I don't think this is unreasonable, given the other costs of aviation. If that's what it takes to keep the government running -- well, we must all pitch in!

So please, do not conflate the medical certification Bill before you with other "pro-aviation" efforts. We aviators are a diverse bunch and each issue before you deserves to be considered separately.


The AOPA -- and here I will use a link from the AOPA's website! -- maintains a list of co-sponsors of this Bill --

and I count only two Democrats! Please, do step forward and tip the balance. The Tesla Motors of aviation will not happen if we lose our pilot population! The Toyota Prius of aircraft will not be built. Our children will not learn how to fly if general aviation in this country is dragged down by over-regulation!


I am a student pilot living in Palo Alto, CA, and flying out of Palo Alto Municipal Airport. I fly the second cheapest airplane in the entire field, N94565 --

which is a tiny airplane, and one of the most common in the world, but (once again...) is not eligible for Sport Pilots because of the way the rules were drawn up back in 2004. I hope to fly this and the 4-seat version (not much bigger...) for fun with my family. This is the fulfillment of a lifelong dream set back in the 1960s when I was a child in Egypt, dreaming of aviation.

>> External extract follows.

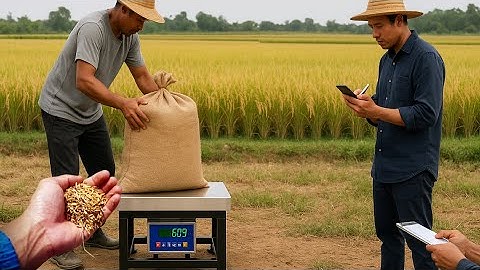 Cân điện tử 8280E Japan – Tải trọng 100kg / 200kg / 300kg – Giải pháp cân công nghiệp chính xác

I cannot start flying "solo" without a Class 3 FAA Medical. I am very healthy -- low heart rate, low blood pressure, exercising every day. There are a couple things I have that trip the FAA's "radar" and require extra certification. But here's the kicker --

Every doctor I go to, in my travails to assemble the necessary paperwork, starts by rolling their eyes and saying, yeah, I know how the FAA is! Every single doctor. One of them said, "Oh, this is a formality." Another one said something unprintable. But this has taken me months and months, and $1000 of extra unnecessary testing, and there's no end in sight.

I am obviously an aviation nut. But do you really believe someone who's not as nutty as I am would go through all this trouble? Cost or no cost, just the trouble and legwork and endless appointments and medical records!

If my own general practitioner, who knows me best of all, can look at me and say I'm safe, and roll their eyes at the FAA's crazy rules and paperwork, is this not a sorry waste of Federal funds?


Once again, I entreat you to CO-SPONSOR these Bills! They are the future of aviation in the United States.

Best regards,
Ihab A.B. Awad
Palo Alto, CA

1 comment:

  1. OK letter, but much too long if u expect a legislator to read it. And introducing other issues beyond medical makes no sense. Given that you/we are not lobbyists and don't contribute $$ to their campaigns, they have no reason to care about us and certainly no reason to act on our behalf. Aside from Bernie Sanders and a few others, the legislative process is as broken as the FAA.